Kallor’s previous album, Exhilaration – Dickinson and Yeats Songs, features his song-settings of poems by Emily Dickinson, William Butler Yeats, and Christina Rossetti sung by mezzo-soprano Adriana Zabala. Opera News wrote: “Kallor knows how to make these words sing, and Zabala gives perfect flight to them.”
The Abby Whiteside Foundation presented Kallor’s Carnegie Hall debut in Weill Recital Hall in 2007. Harris Goldsmith wrote: “It took but a few impeccably shaped phrases to make it plain that Kallor is a formidably well-trained technician and a master of stylish proportion as well… This superb recital debut truly established a new, important voice in our musical annals.”
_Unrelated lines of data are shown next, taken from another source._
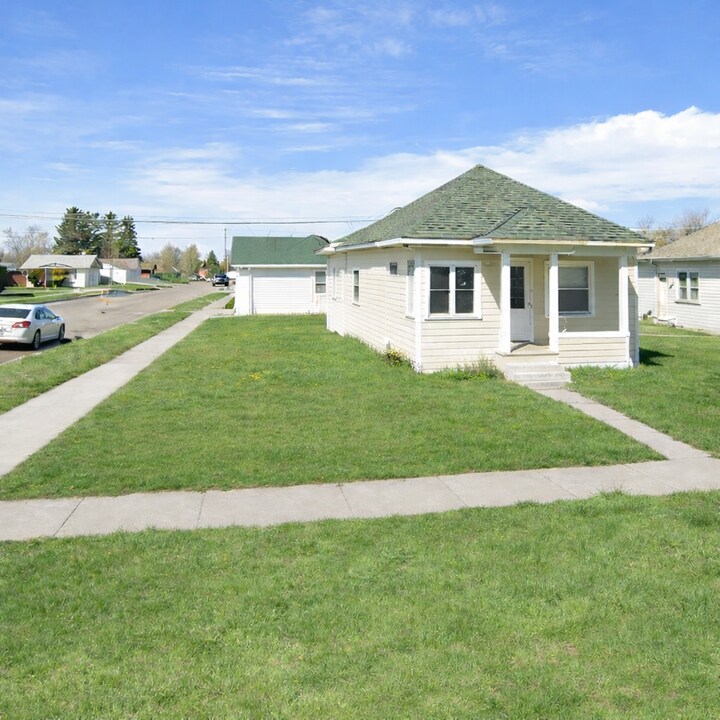 1458 Normal Ave in Burley, ID - Foto de edificio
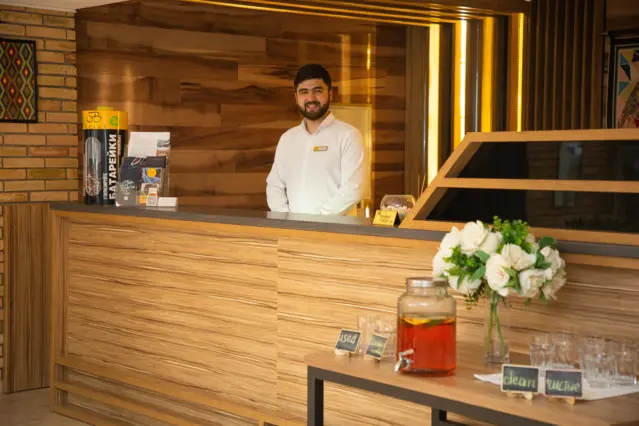 "B" Hotel Bishkek — hotel, Bishkek
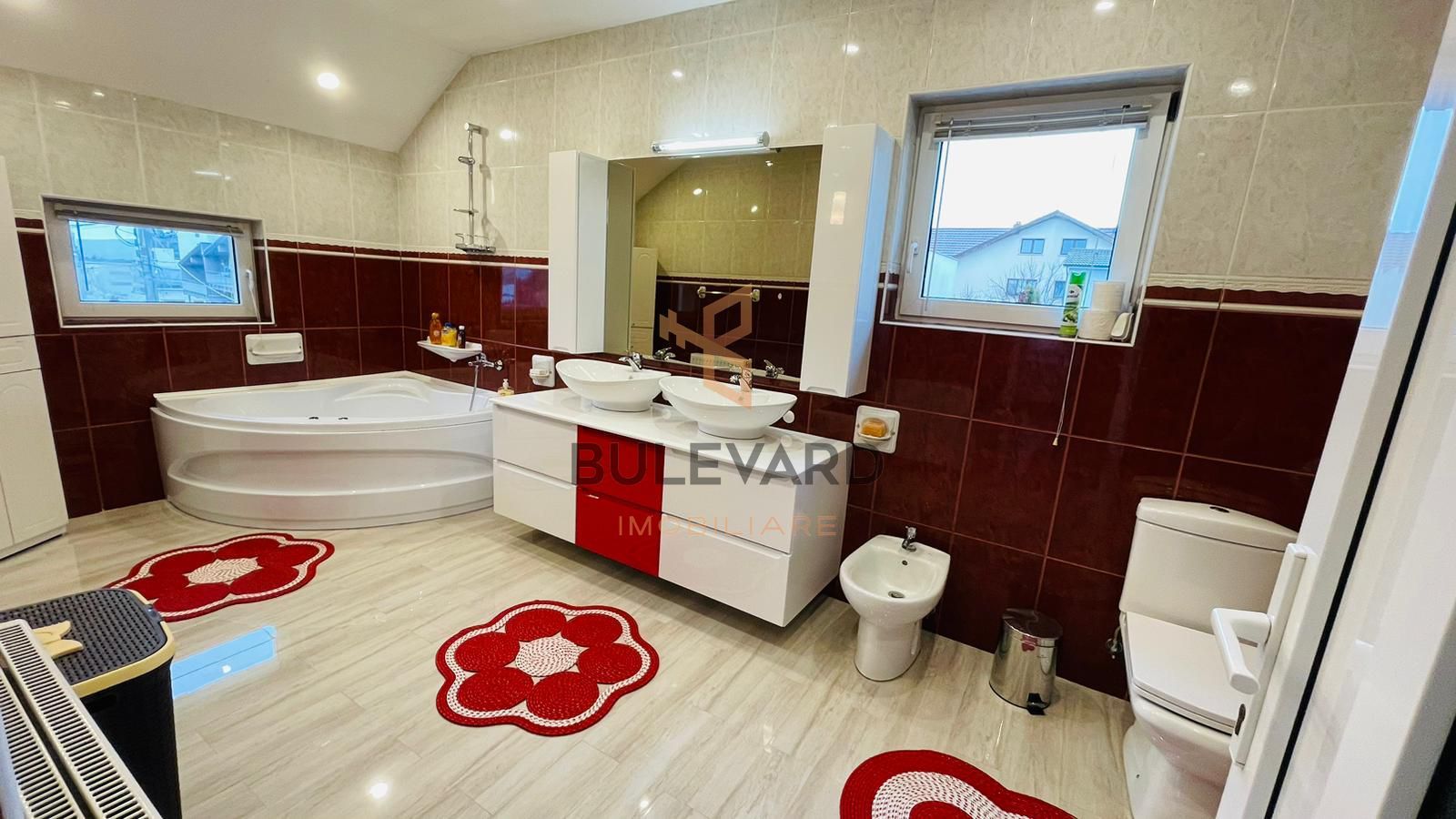 Comision 0! Casa individuala cu piscina si teren de 1000 mp! - Poză 8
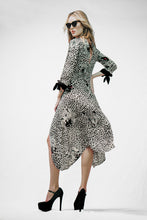 Load image into Gallery viewer, Платье асимметричного кроя с завязкой на воротнике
Kallor (pronounced “KAY-ler”) was born in Cleveland, Ohio and raised in West Hartford, Connecticut. He began improvising on the piano in his home as soon as he could walk over to it, began taking classical piano lessons when he was six, and added jazz lessons a few years later. He graduated from Tufts University with a degree in American Studies. Kallor lives in New York City, where he makes excellent use of his MetroCard.
Peter Lieberson
Peter Lieberson came to prominence in the mid-1980s with the Piano Concerto and Drala, two major commissions from the Boston Symphony, with whom he enjoyed a fruitful collaboration. Of profound influence on his music was his practice of Tibetan Buddhism. Many of his works were inspired by Buddhist themes such as King Gesar (1991) and the opera Ashoka’s Dream (1997), both from a series of works based on the lives of enlightened rulers. Lyricism and vocal writing dominated his works of the last decade, reflecting the rich collaborations with Lorraine Hunt Lieberson, for whom he composed Neruda Songs (winner of the 2008 Grawemeyer Award for Music Composition). In addition to his associations with major orchestras such as Boston, New York, Cleveland, Chicago and Los Angeles, Lieberson enjoyed long-standing artistic collaborations with Peter Serkin, Yo-Yo Ma, Emanuel Ax and Oliver Knussen. Recent commissions included Remembering JFK: An American Elegy for the National Symphony Orchestra, The World in Flower for the New York Philharmonic; Remembering Schumann for Yo-Yo Ma and Emanuel Ax, The Coming of Light; a song cycle for baritone, oboe, and string quartet; the orchestral Suite from Ashoka’s Dream; and Songs of Love and Sorrow for Gerald Finley and the Boston Symphony Orchestra.